Cette carte montre les pays hors de la France où sont publiés mes textes scientifiques et les conférences auxquelles j’ai participé. Parallèlement aux données géographiques, la couleur des pays est proportionnelle au nombre de collaborations. Cette carte montre que mes collaborations se développent essentiellement avec des pays francophones et des pays de l’hémisphère nord.
3.2.2 Cartographier le temps
Pour les informations historiques, nous avons besoin de gérer deux propriétés, une date de début et une date de fin. Notons que la durée n’est pas une propriété nécessaire puisqu’elle se calcule à partir de la différence entre la date de début et la date de fin. Nous posons comme principe qu’une date de fin nulle indique une durée en cours. La frise est sans doute la représentation la plus courante et la plus commode à réaliser puisqu’elle associe une coordonnée graphique avec une échelle de temps, le plus souvent x pour une représentation horizontale et parfois y lorsqu’elle est verticale. Dans notre enfance, nous avons tous réalisé des frises historiques, elles peuplent nos salles de classe et prolifèrent sur le Web22. Nous avons une compréhension évidente de la frise historique, de son fonctionnement et des informations qu’elle diffuse : événements ponctuels, périodes. Voici par exemple la représentation en frise historique de mon activité d’enseignant chercheur :

Cette frise historique23 montre l’évolution de mes activités d’enseignant chercheur suivant plusieurs types d’activité. Comme les outils Web de visualisation des cartes géographiques, cette visualisation fournit des fonctions de zoom, de déplacement et d’hypertextualité pour faciliter la lecture des données qui si elles sont trop détaillées, ne sont plus visibles. Là encore, la cartographie des connaissances dans le Web est conçue comme un outil de navigation dans les données.
Les connaissances sont toujours en rapport avec l’espace et le temps, mais nous posons comme hypothèse qu’entre les connaissances des physicalités et celles des intériorités, entre l’étendue et la pensée, l’espace et le temps n’ont pas les mêmes modes de perceptions et d’expressions.
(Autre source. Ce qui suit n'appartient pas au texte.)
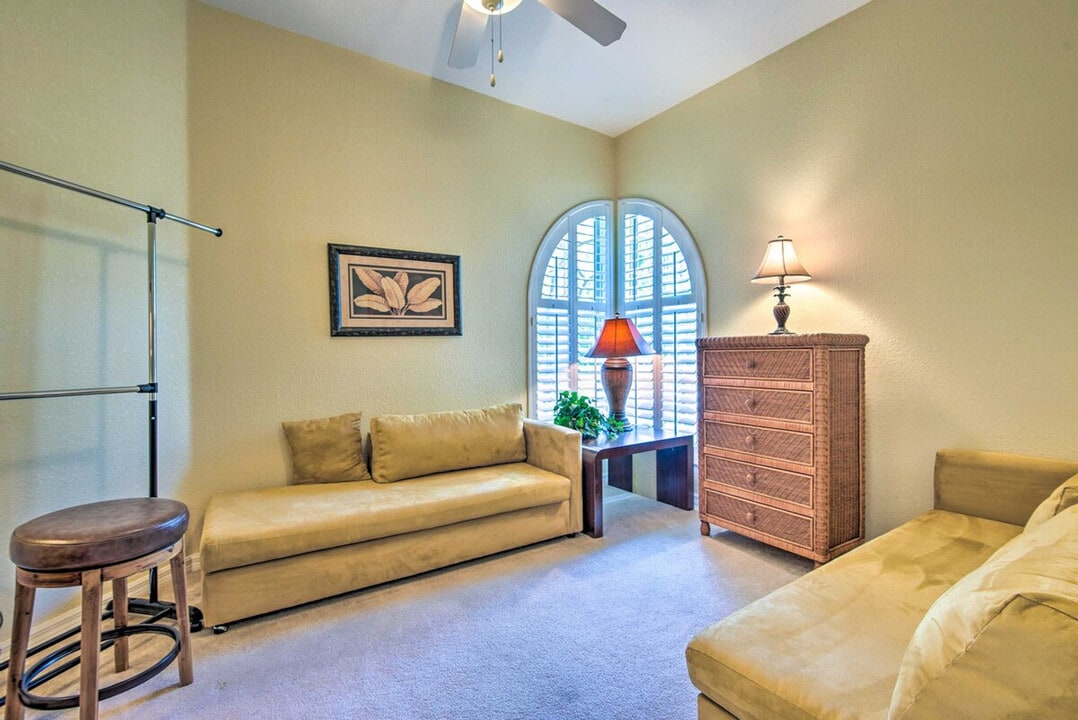 1178 Byxbee Ct in North Port, FL - Building Photo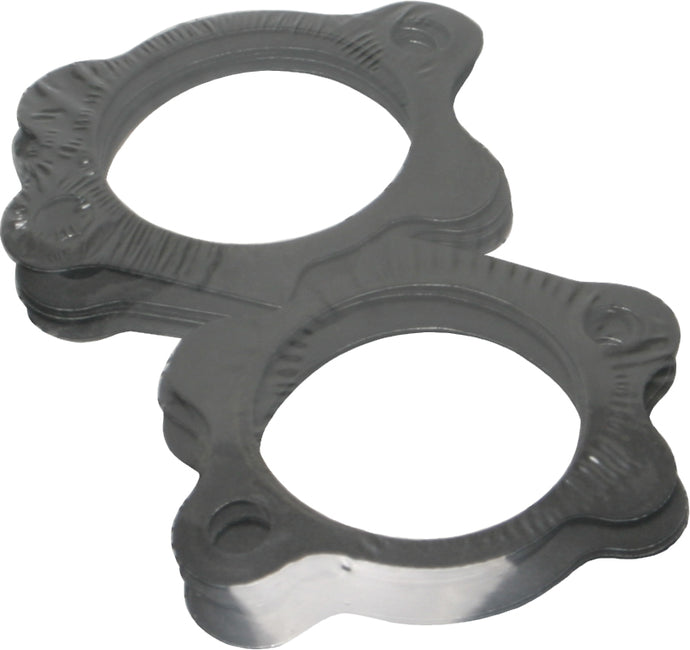 STARTER MOTOR GASKET EVO XL 10/PK OE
« La durée se dit en fonction des parties extensives et se mesure au temps pendant lequel ces parties appartiennent à l’essence. Mais l’essence en elle-même à une réalité ou une existence éternelle ; elle n’a pas de durée ni de temps qui marque l’achèvement de cette durée. »(G. Deleuze, 1968, p. 291)
Nous suivons sur ce point les principes spinozistes d’une modélisation ontologique corrélée à une éthique en définissant trois dimensions de l’existence corrélées avec trois genres de connaissance24 Section 2.2. Examinons maintenant comment nous définissons de nouveaux principes cartographiques à partir de ces propositions.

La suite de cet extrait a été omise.